At the current state of the genome-sequencing project, ascription of a gene to a particular chromosome cannot be made with accuracy. This is due to limitations in the technique used to separate the individual chromosomes. Libraries for a particular chromosome are contaminated to 50% with sequences from all other chromosomes. However, based on the frequency of reads from a particular library for a given contig, its localisation can be estimated in some cases, for example for rac1b, racF1 and racH (chromosome 1), racB, racE and racF2 (chromosome 2) and racJ (chromosome 6). Except for rac1b and ΨracK, Dictyostelium rac genes do not appear to form clusters in the genome, at least in the range of our contigs.
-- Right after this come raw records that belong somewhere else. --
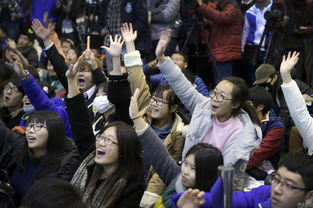 电竞线下比赛：女粉强势崛起成主导力量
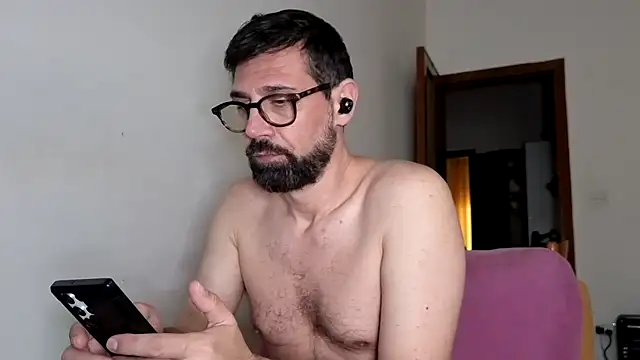 XXX chat uživo modela RyuKenZen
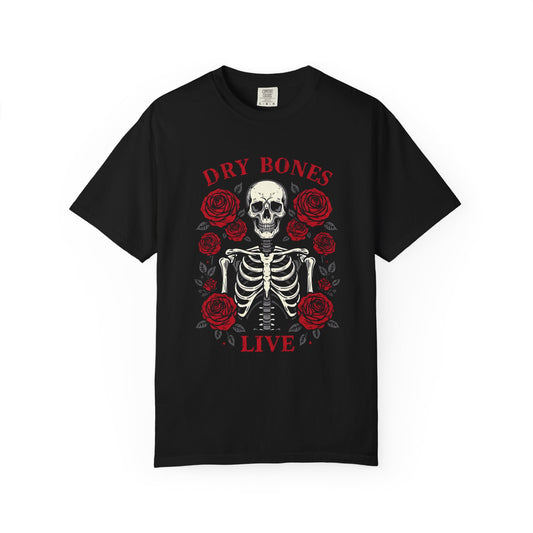 Skeleton & Roses Graphic Tee, Unisex Graphic Tee for Halloween, Edgy Casual Wear, Vintage Style, Alternative Fashion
Comparison of genomic and EST sequences was used to identify and analyse introns and termination regions. Due to the nature of the library sequenced by the Dictyostelium cDNA project, with clones of variable length at the 5′ extreme that in some cases do not reach the start codon, no attempt has been made to identify putative transcription start sites. For the same reason, additional introns located upstream of the coding region of some genes could have been missed. For racF1 and racL, for which EST clones are not available, introns were deduced by comparison with other rac genes. Every rac gene is interrupted by at least one and up to four introns. In rac1a, racB, racC and racG there is at least one intron located upstream of the start codon. The only rac gene not interrupted by introns in the coding region is racG. The presence of so many introns contrasts remarkably with the relative paucity of introns of most Dictyostelium genes, as is evident from a comparison with adjacent genes in Figure 1.
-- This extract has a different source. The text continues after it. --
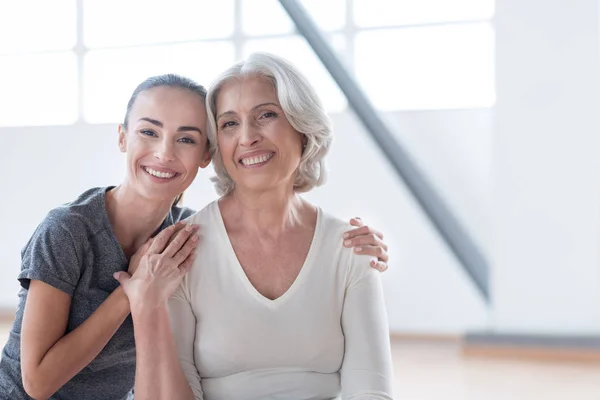 Mulheres felizes alegres sorrindo — Fotografia de Stock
We have identified and annotated protein ORFs, tRNA genes and repetitive elements present upstream and downstream of rac genes. This information is depicted in Figure 1 and described in Table S1 (see Supplementary Material). The average length of the intergenic regions in our sample, as calculated from start to start, start to stop or stop to stop codons, was 727 nt. This distance is much shorter if only untranscribed regions are considered. For example, the transcripts of racJ and lagC3 overlap at their 3′ ends (Fig. 1), leaving virtually no intergenic region. Intergenic regions are larger (1.2 kb on average) between start codons, indicating a higher requirement of sequence length for the transcription machinery and the regulatory elements at the promoter regions.
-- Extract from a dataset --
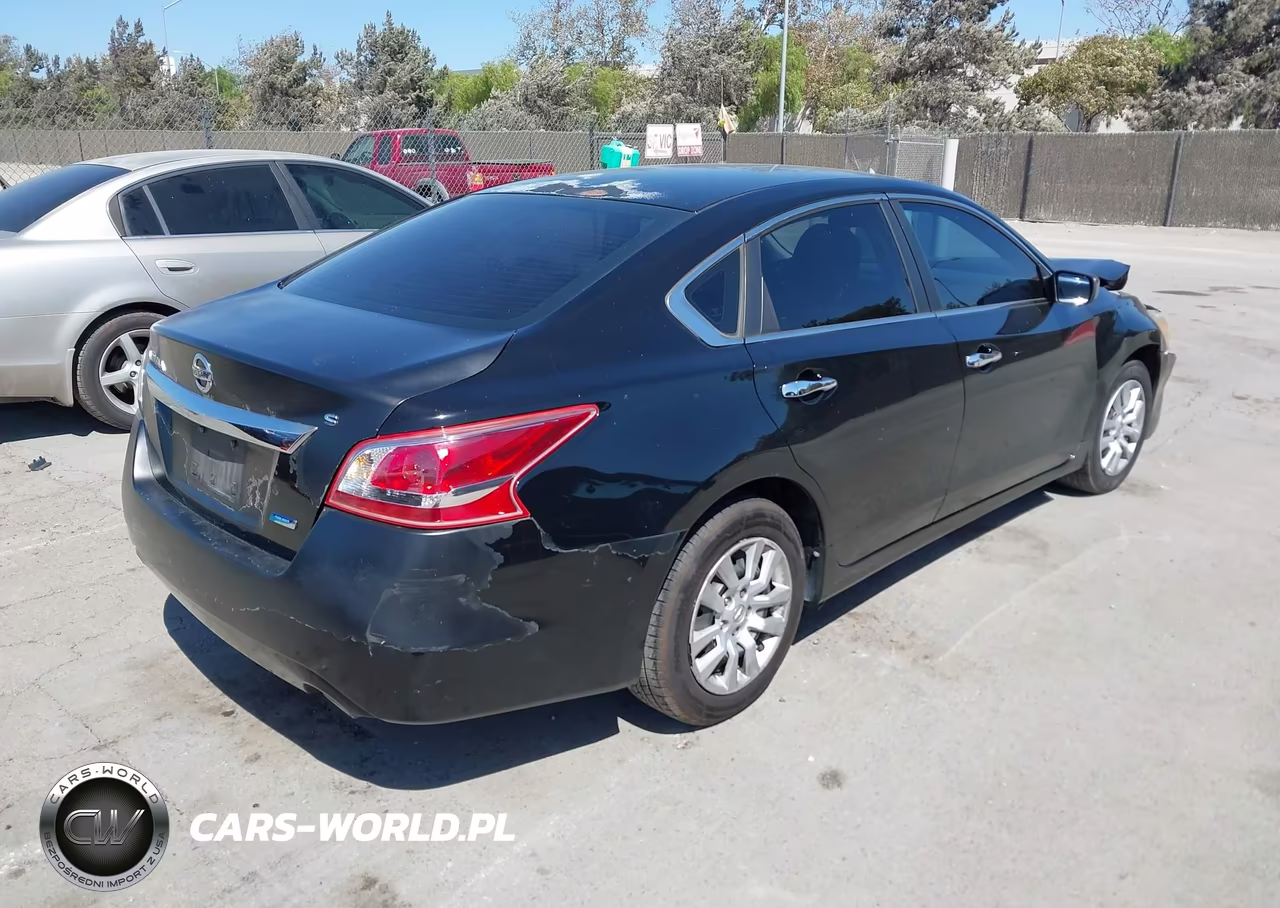 2013 Nissan Altima 2.5 S VIN:1N4AL3AP9DC143600 - 4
Expression of rac genes throughout development
One prominent feature of the Dictyostelium life cycle is the transition from single-cell amoebae to a multicellular fruiting body consisting of at least two differentiated cell types. This transition is triggered by starvation of the cells and involves coordinated transcription of certain genes and differentiation and sorting out of cell populations. A previous report had shown complex patterns of developmental regulation for rac1a/1b/1c, racB, racC and racD (8). We have used northern blot analysis to study the expression of the remaining rac genes during synchronised development on nitrocellulose filters. In addition, knowledge of the full-length sequence of racA prompted us to repeat analysis of the expression pattern of this gene. For this gene Bush et al. (8) reported a transcript of 0.9 kb, clearly not compatible with the 1.8 kb of coding sequences described here. This result was probably due to cross-hybridisation with another rac gene; therefore, we used sequences derived from the 3′ region of racA in the northern blot analysis.
Rac genes display diverse patterns of developmental regulation. Genes like racA and racI are very weakly expressed at all stages and display maximum levels after 12 h of starvation, corresponding to the first finger stage (Fig. 2). In contrast, racE, racG and racH are present at high levels throughout the developmental cycle. RacE levels increase at late developmental stages, with a maximum at 12 h. Finally, racJ and racL are of special interest, being expressed at low levels and exclusively after 12 h of starvation, when culmination and maturation of the fruiting body take place. For racH, racJ and racL we have observed two or more transcripts of different sizes. This has been reported previously for rac1a/1b/1c and racD (8) and for racF1/F2 (10).
Comparison of genomic sequences with sequences of the available EST clones indicates the presence of at least three promoter regions and two termination regions in racC (Fig. 3). Alternative splicing takes place around one 764 nt intron placed upstream of the start codon. When transcription starts in the promoter region P3, this intron is completely spliced out as in EST clones SSC713 and FC-BH09, and can be spliced into two smaller sub-introns, leaving an intervening exon of only 12 nt, as in EST clones SLG677 and SLK367. Interestingly, when the entire intron is spliced, the donor site is placed 6 nt upstream of the donor site used for splicing in two parts. The promoter region P2 is apparently located in the first sub-intron and transcription from this region (EST clone SSC409) leads to splicing of the second sub-intron at exactly the same sites as in clones SLG677 and SLK367. Finally, the promoter region P1 is apparently located in the second sub-intron (clone SSL548). With the available data we cannot discriminate whether a particular combination of promoter and terminator is preferred. The transcripts arising from all possible combinations would range between ~1000 and 1150 nt, and are therefore difficult to resolve in northern analysis. In fact, published northern blot analyses show a broad band of compatible size (8). In any case, the coding region of racC remains unaltered by the transcriptional events described above.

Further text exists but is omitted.